Just over two years later, Quaker sold Snapple for $300m, or less than a fifth of what it had paid. Incredibly, Triarc Beverages (which bought Snapple from Quaker) went on to pocket $910m when it sold Snapple to Cadbury Schweppes in 2000. That three-times return in the space of just a few years was achieved by reversing most of what Quaker did to break the business, thereby restoring Snapple to its former glory.
Clearly, it’s possible to make a lot of money from mergers & acquisitions (M&A). But the route to success usually lies in paying the right price in the first place — the old adage in the market is that you make your money on the way in to a deal, not on the way out.
Even Warren Buffett isn’t immune to these risks. The 2015 Kraft Heinz merger is widely regarded as one of his worst deals. In an interview with CNBC in 2019, Buffett acknowledged that Berkshire Hathaway overpaid for Kraft and that it had been wrong about the merger, with the underlying products having less pricing power than expected.
To be fair, there were many reasons Kraft Heinz was a mess. The integration came during a period of shifting consumer trends and a focus on private label at retailers, proving once more that distribution is a wider moat than having a brand — just ask Nike how its preference for brand over distribution turned out. There were other problems as well, including deep cost-cutting that led to terrible underinvestment in the business. Of course, the cost-cutting probably only happened because Berkshire Hathaway was trying desperately to justify the deal value.

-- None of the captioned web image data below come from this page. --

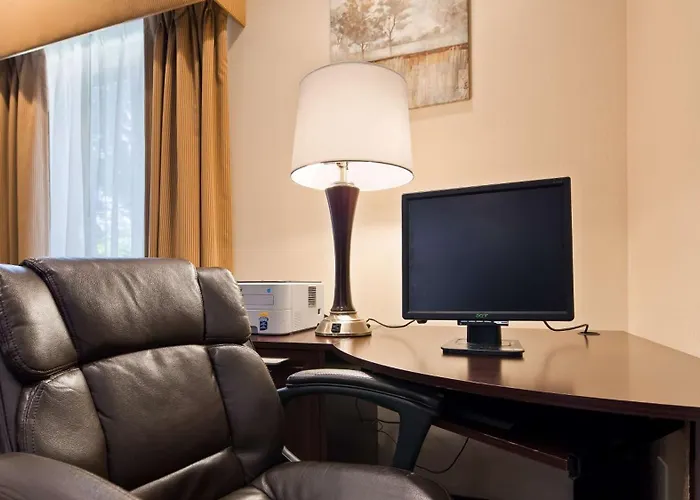 Best Western Plaza Hotel Saugatuck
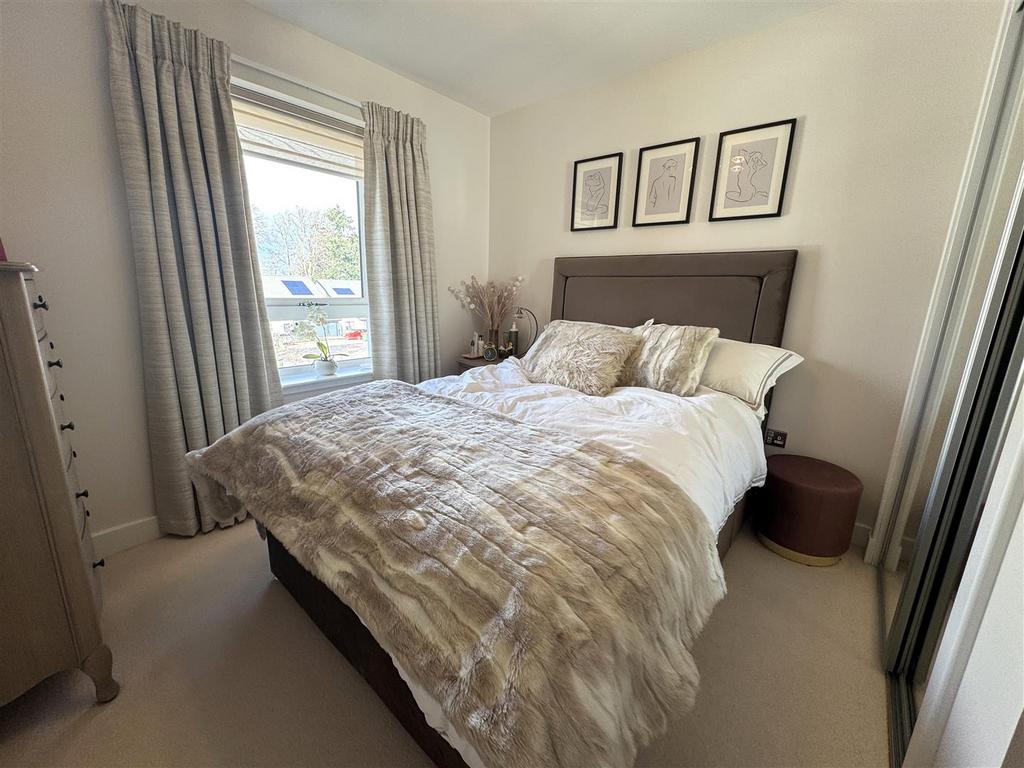 Bedroom 1.jpg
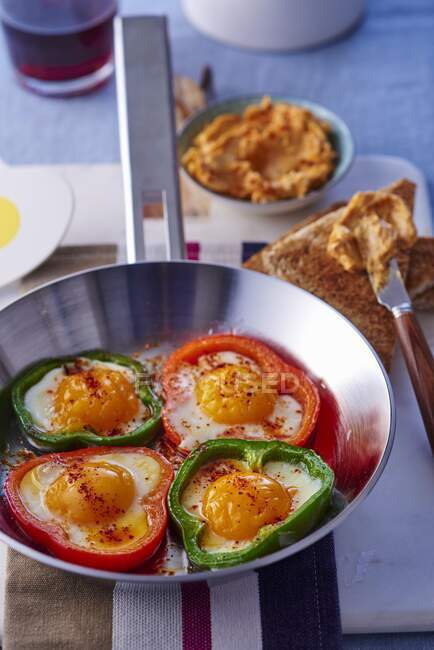 Peppers filled with fried eggs — Stock Photo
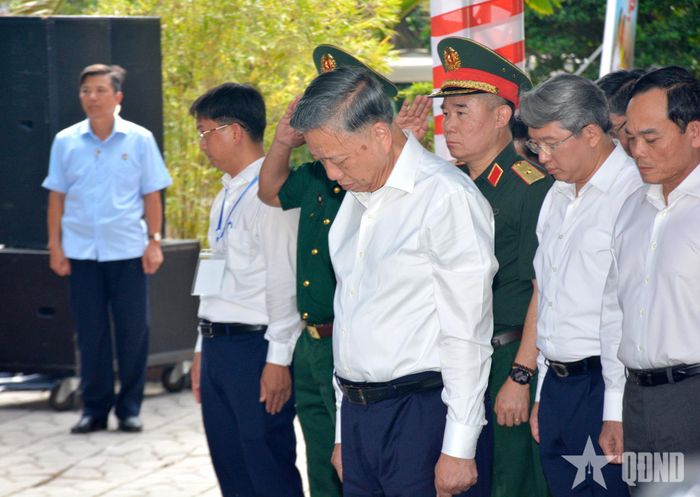 Tổng Bí thư, Chủ tịch nước Tô Lâm và đoàn đại biểu tưởng nhớ cố Tổng Bí thư Trần Phú.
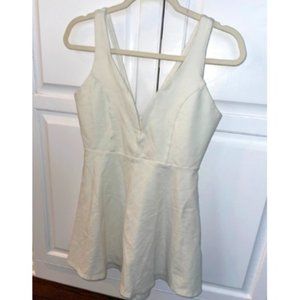 Lulus White Flowy Dress V Neck Sleeveless Size Large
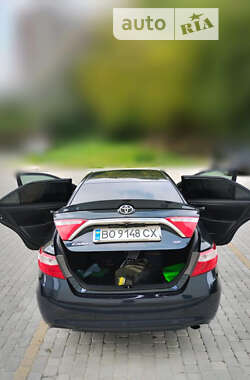 Седан Toyota Camry 2015 в 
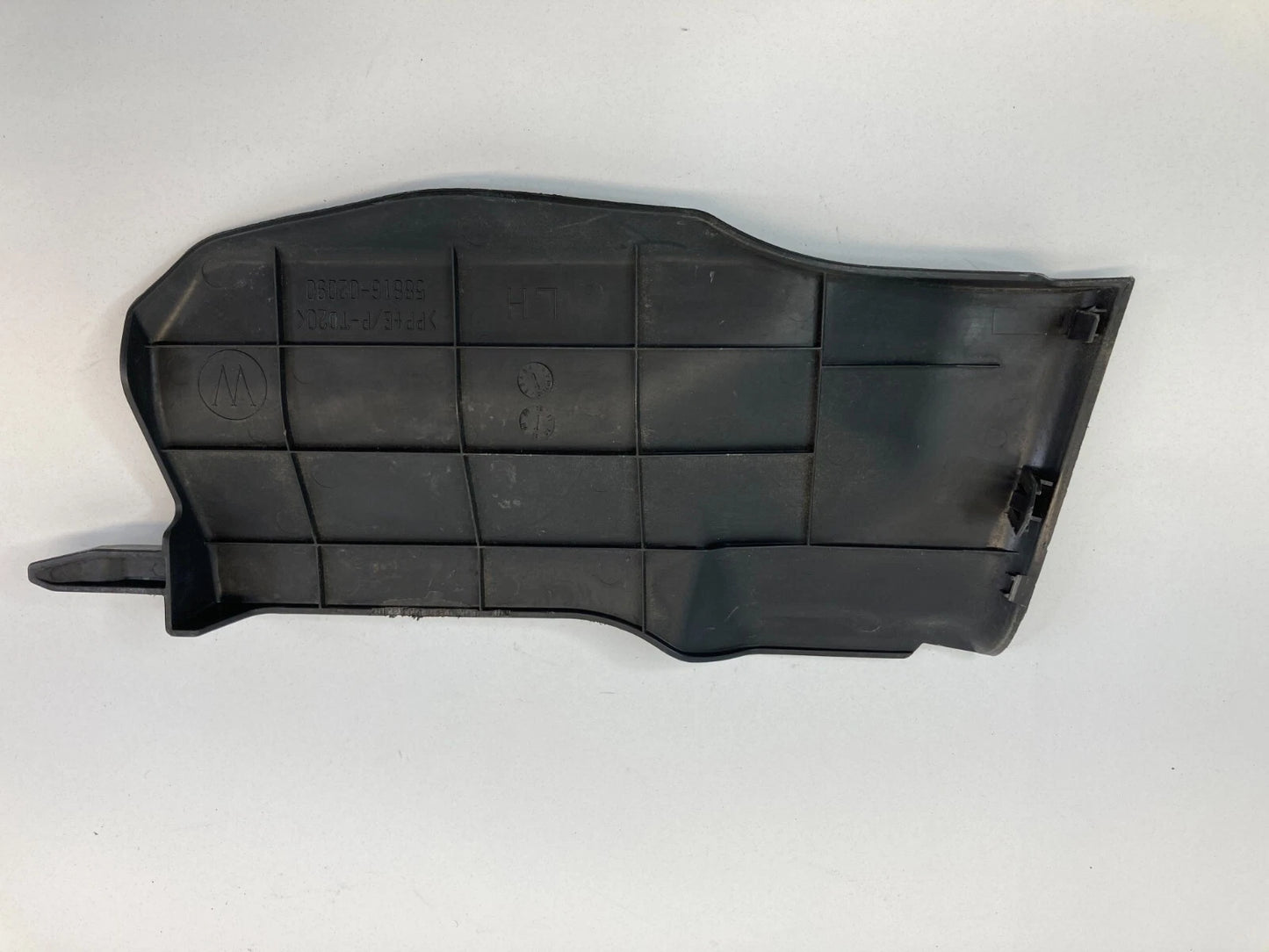 09-13 TOYOTA MATRIX FRONT LEFT SIDE CENTER CONSOLE TRIM COVER PANEL 5881602090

Even Warren Buffett isn’t immune to these risks. The 2015 Kraft Heinz merger is widely regarded as one of his worst deals
The point isn’t that all deals in the sector are bad. For example, in the 1960s PepsiCo acquired Frito-Lay and built the successful mix of drinks and snacks that underpins the group today. Bidcorp is a stunning JSE-listed example of how bolt-on acquisitions can be used to grow. The same is true for CA&S Holdings, which sits further up the value chain in the fast-moving consumer goods (FMCG) space. If all M&A transactions failed, nobody would ever do any deals.
But history has taught us to be cautious when FMCG groups do transactions with a rationale based on little more than category expansion and a plan to unlock synergies. The Premier-RFG Holdings deal is the latest example in South Africa, with Premier looking to merge with a business that has a completely different product range. Premier is focused on consumer basics such as bread, wheat and sugar, while RFG has been built around such categories as fruit and pies. For Premier to win in such price-sensitive categories, it has to be as efficient as possible. For RFG to win, it has to maintain brand strength and innovate on taste while navigating exogenous factors such as global deciduous fruit prices. Do these things sound like a natural fit to you?
Capitalworks invested in RFG in 2012 as part of a management buyout and brought it back to market in 2014. Eleven years later, it must be only too happy to roll its 44.5% stake into the enlarged group, as the private equity industry is all about catalysing returns and doing the next deal. Speaking of private equity, it doesn’t make me feel any better about the deal that Premier is from the Brait stable, where the dealmaking track record is as spotty as a litter of dalmatians.
I hope it works out for all involved. I’m just not blind to history.